The 2015 regulation sought to settle a debate over which waterways are covered under the Clean Water Act, which has dragged on for years and remained murky despite two Supreme Court rulings. President Donald Trump issued an executive order in February instructing the Environmental Protection Agency and the U.S. Army Corps of Engineers to rescind or revise the Obama rule, which environmentalists say is essential to protecting water for human consumption and wildlife.
In a statement, the agencies announced plans to begin the withdrawal process, describing it as an interim step. When it is completed, the agencies said, they will undergo a broader review of which waters should fall under federal jurisdiction.

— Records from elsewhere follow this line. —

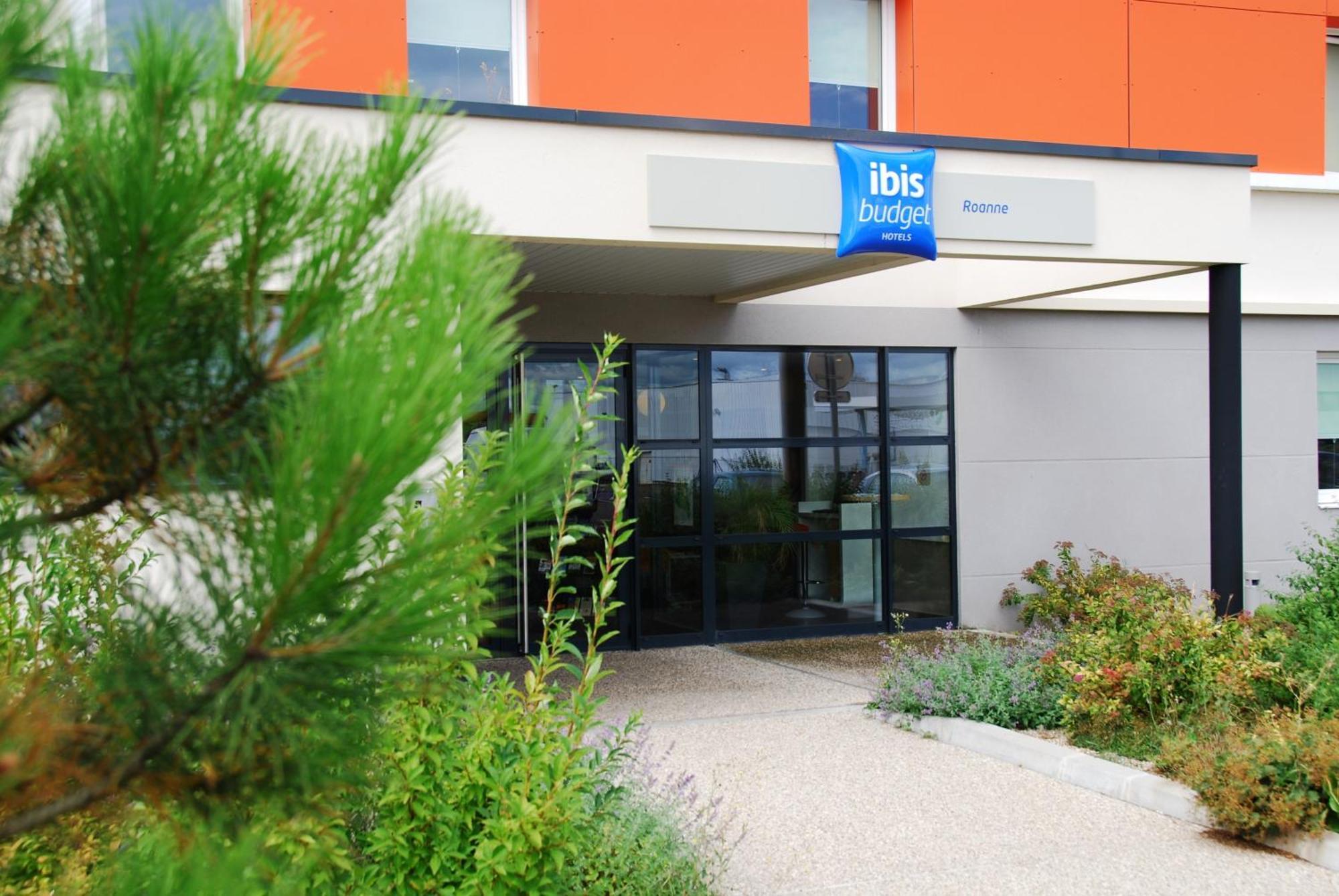 Ibis Budget Roanne Hotel Exterior photo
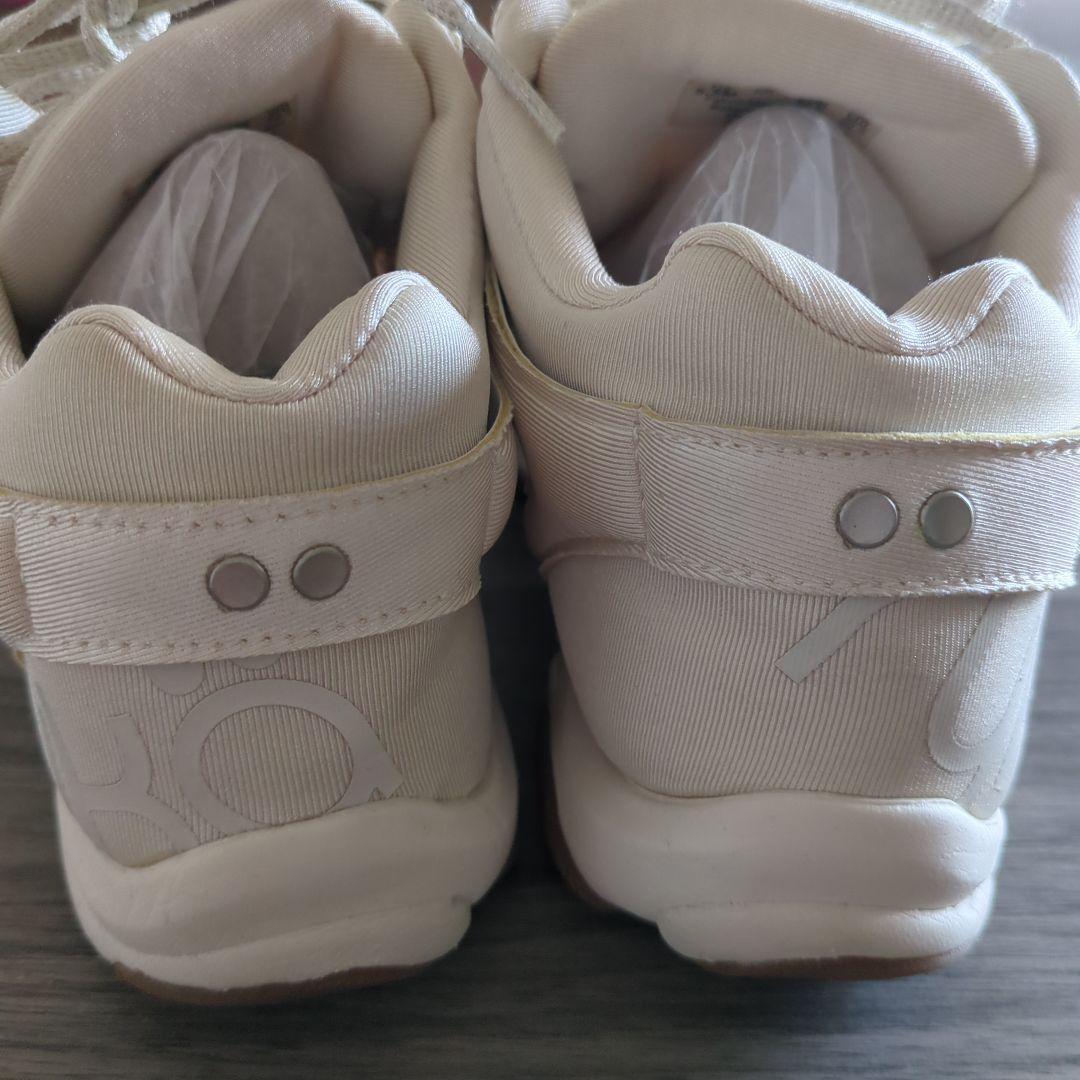 ryka ライカ トレーニングシューズ ダンス 22.5cm 美品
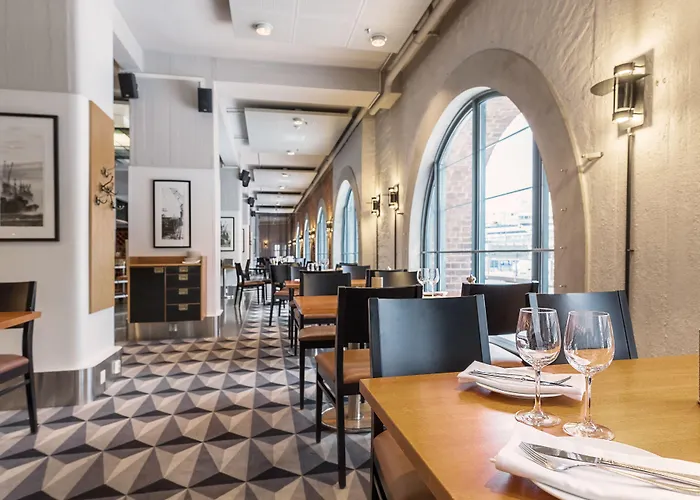 Scandic Grand Marina Szálloda 4*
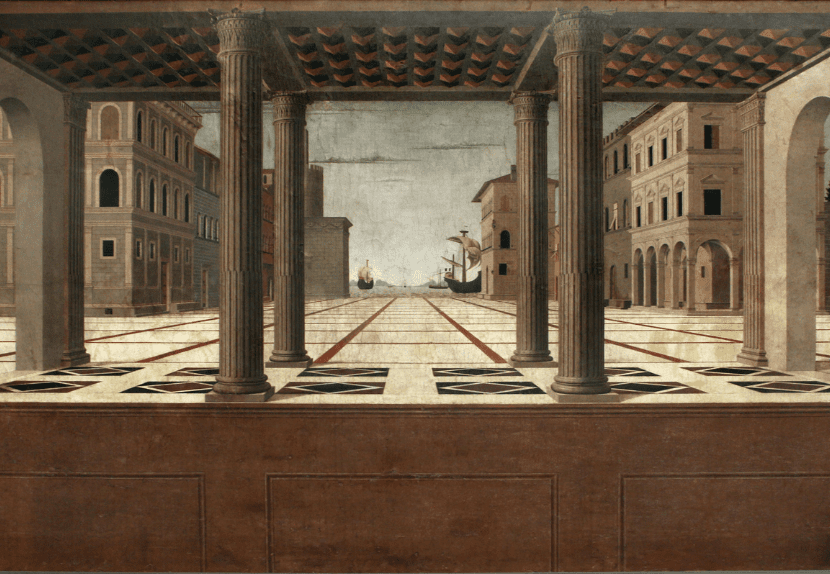 "Ideal City Panel", Berlin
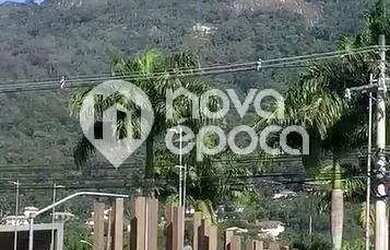 Imagem: O terreno possui 18.471m² de Área e está localizado em Inhoaíba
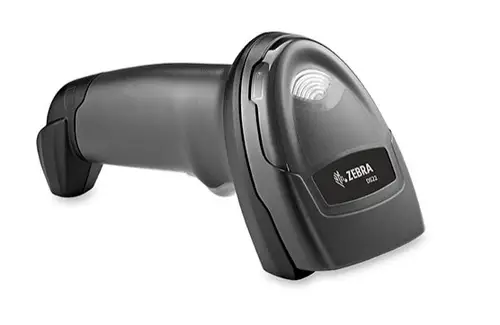 DS2208-SR7U3200SGW lector de código de barras Lector de códigos de barras portátil 1D/2D LED Negro - Imagen 2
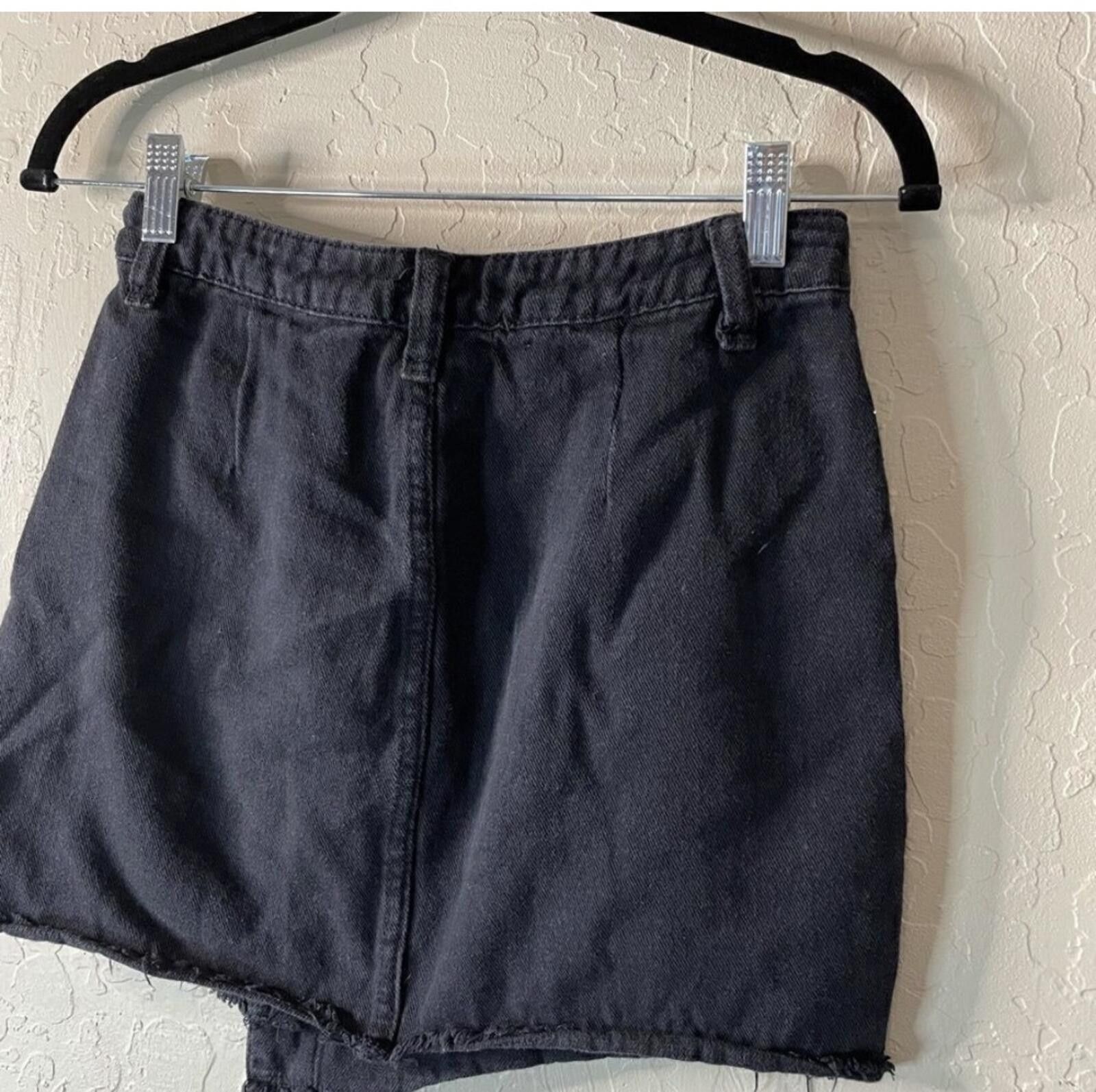 Forever 21 Forever 21 denim skirt Size 28" / US 6 / IT 42 - 3 Thumbnail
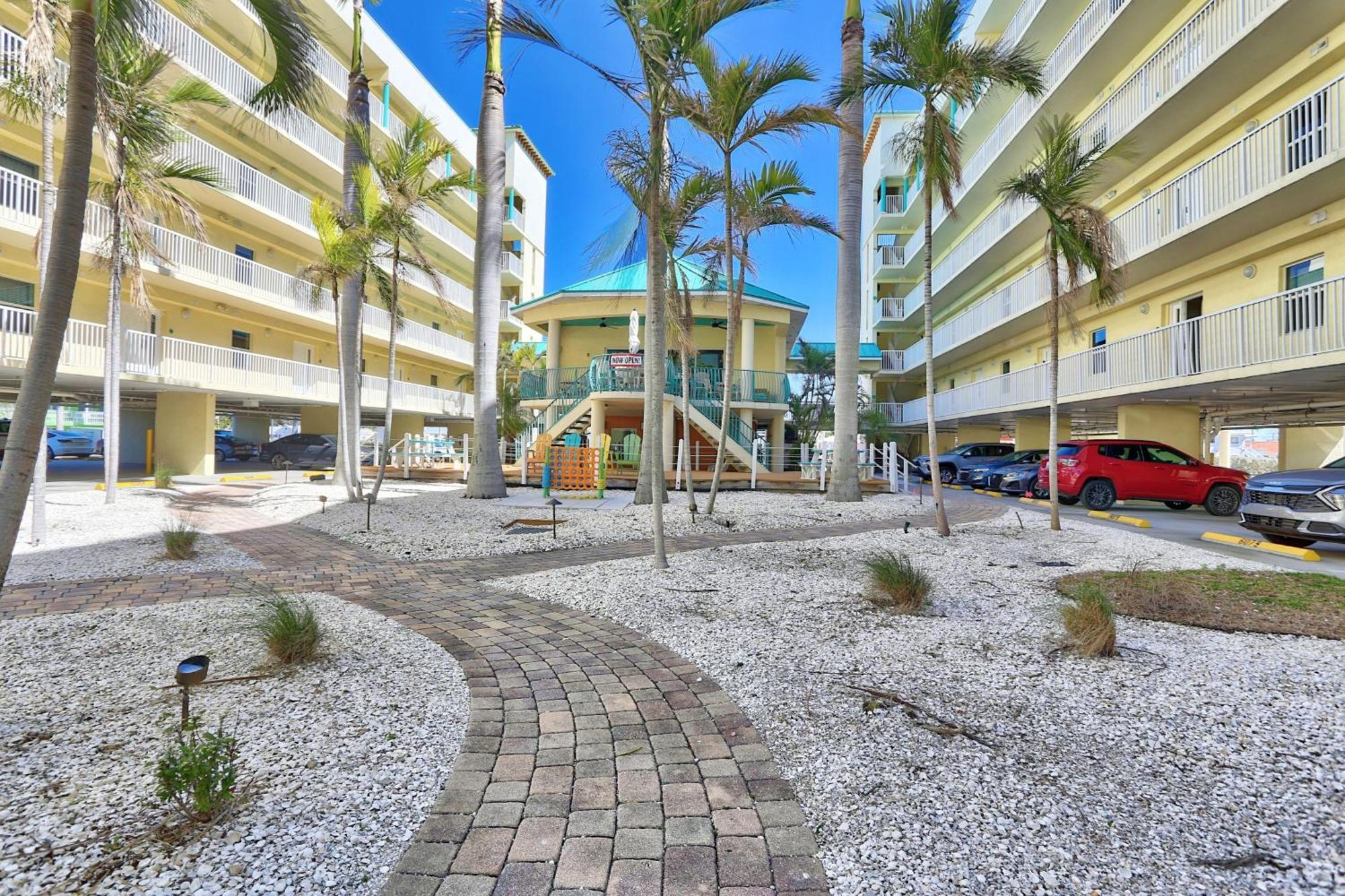 Willa Sunset Vistas 206S St. Pete Beach Zewnętrze zdjęcie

"We are taking significant action to return power to the states and provide regulatory certainty to our nation's farmers and businesses," EPA Administrator Scott Pruitt said, adding that the re-evaluation would be "thoughtful, transparent and collaborative with other agencies and the public."
Environmental groups denounced the move, saying it would remove drinking water safeguards for one in three Americans while jeopardizing thousands of streams that flow into larger rivers and lakes, plus wetlands that filter pollutants and soak up floodwaters.